Load the waveforms and compute spectrograms for the stimuli.

In [None]:
stim_names = recording.index.get_level_values("stimulus").unique()
example_stim = stim_names[0]
stimuli = []
for stim_name, stim_path in nbank.find_resources(*stim_names):
    with ewave.open(stim_path, "r") as fp:
        samples = ewave.rescale(fp.read(), "f")
        resampled = samplerate.resample(samples, 1.0 * desired_sampling_rate / fp.sampling_rate, "sinc_best")
        stimuli.append({"stimulus": stim_name, "samples": resampled, "sample_rate":  desired_sampling_rate})

stim_data = pd.DataFrame.from_records(stimuli).set_index("stimulus")

In [None]:
# compute gammatone spectrograms
from gammatone.gtgram import gtgram, gtgram_strides
from gammatone.filters import erb_space

def compute_spectrogram(row):
    duration = row.samples.size / row.sample_rate
    _, hop_samples, _ = gtgram_strides(row.sample_rate, spectrogram_params["window_time"], desired_time_step, row.samples.size)
    hop_time = hop_samples / row.sample_rate
    # this calculation is cached
    spectrogram = _mem.cache(gtgram)(row.samples, row.sample_rate, hop_time=desired_time_step, **spectrogram_params)
    _, nframes = spectrogram.shape
    spectrogram = np.log10(spectrogram + spectrogram_compression) - np.log10(spectrogram_compression)
    index = np.arange(0.0, duration, hop_time)[:nframes]
    columns = erb_space(spectrogram_params["f_min"], spectrogram_params["f_max"], spectrogram_params["channels"])[::-1]
    return pd.DataFrame(spectrogram.T, columns=columns, index=index).rename_axis(index="time", columns="frequency")

In [None]:
stims_processed = pd.concat({index: compute_spectrogram(row) for index, row in stim_data.iterrows()}, names=("stimulus", "time"))
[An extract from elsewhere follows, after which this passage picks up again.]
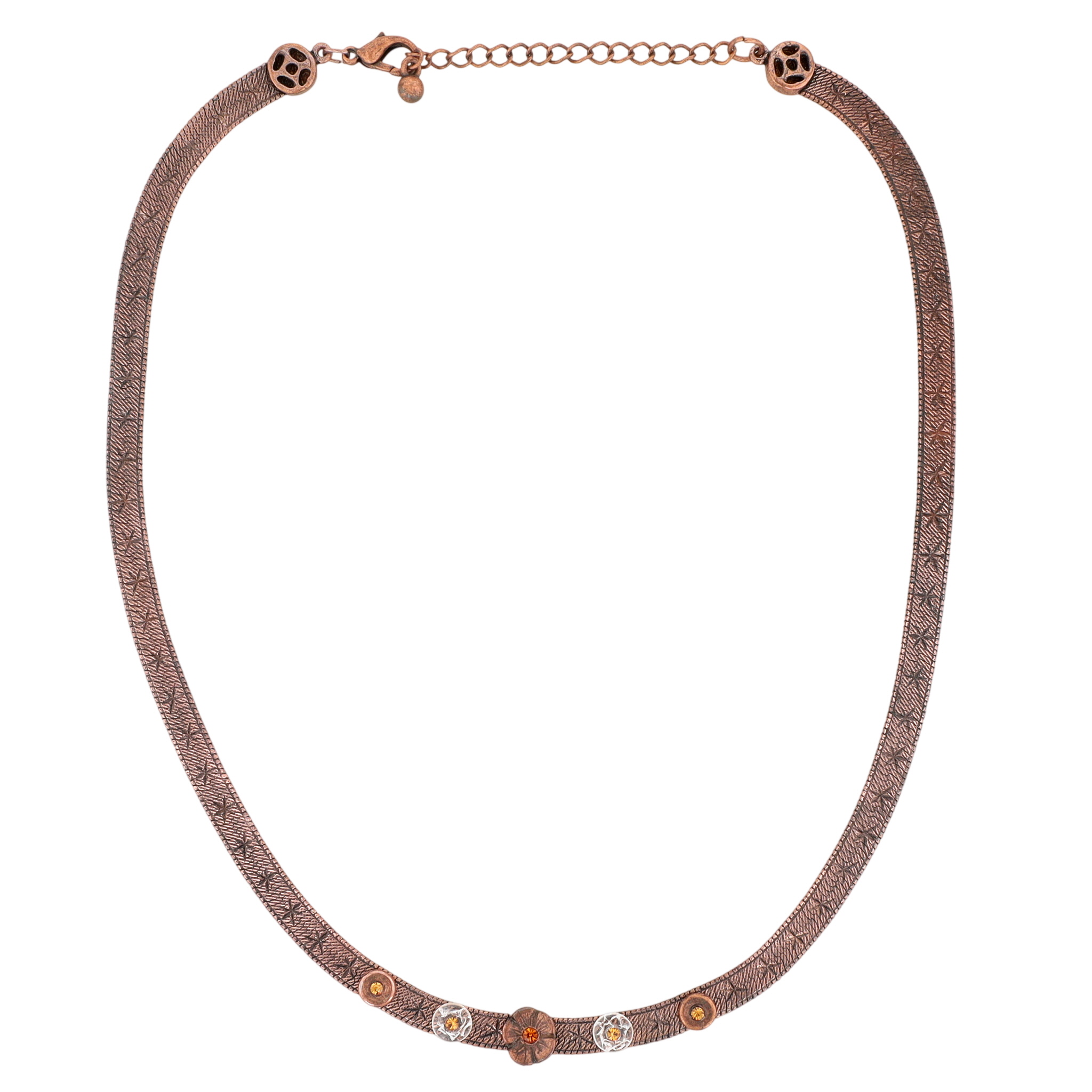 Vintage Copper Poured Glass Herringbone Flower Necklace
#### Plot population responses

This is used to generate Figure 6A

In [None]:
# can color-code by cell type, not used
spike_type_colors = {"wide": "#70549B", "narrow": "#FF7F0E"}
feature_file = Path("..") / "build" / "mean_spike_features.csv"
features = pd.read_csv(feature_file)[["unit", "spike"]]
features["site"] = features.unit.apply(lambda s: "_".join(s.split("_")[:-1]))
features.set_index("unit", inplace=True)

In [None]:
spectrogram

In [None]:
n_motifs = 2
clean_recording = recording.loc[-100]
selected_motifs = stim_names[:n_motifs]
unit_names = recording.index.get_level_values("unit").unique()
n_units = len(unit_names)
fig, axes = plt.subplots(nrows=2, ncols=n_motifs, sharex=True, sharey="row", height_ratios=(400, n_units), figsize=(1.75 * n_motifs, 1.8), dpi=450)
for col, motif in zip(axes.T, selected_motifs):
    spectrogram = stims_processed.loc[motif].T
    extent=df_extent(spectrogram)
    extent=(extent[0], extent[1], 0, spectrogram.index.size)
    col[0].imshow(spectrogram, extent=extent, aspect="auto", origin="lower")
    tick_idx = [0, 19, 39]
    col[0].set_yticks(tick_idx, [f"{Y_test.columns[i] / 1000:.0f}" for i in tick_idx], size=4)
    #col[0].tick_params(axis='y', which='both', left=False, right=False, labelleft=True)
    col[0].get_xaxis().set_visible(False)
    col[0].set_frame_on(False)
    motif_trials = clean_recording.xs(motif, level="stimulus") #.join(features, on="unit", how="inner").sort_values(["site", "spike"])
    for i, trial in enumerate(motif_trials.itertuples()):
        if isinstance(trial.events, float):
            continue
        col[1].plot(
            trial.events,
            [i] * trial.events.size,
            color="k", # spike_type_colors[trial.spike],
            marker="|",
            markeredgewidth=0.1,
            markersize=0.15,
            linestyle="",
        )
    col[1].set_xlim(0, df_extent(spectrogram)[1] + decoder_window[1])
    col[1].tick_params(axis='both', which='major', labelsize=4)
    col[1].tick_params(axis='y', which='both', left=False, right=False, labelleft=False)
    for boundary in ("left", "right","top"):
        col[1].spines[boundary].set_visible(False)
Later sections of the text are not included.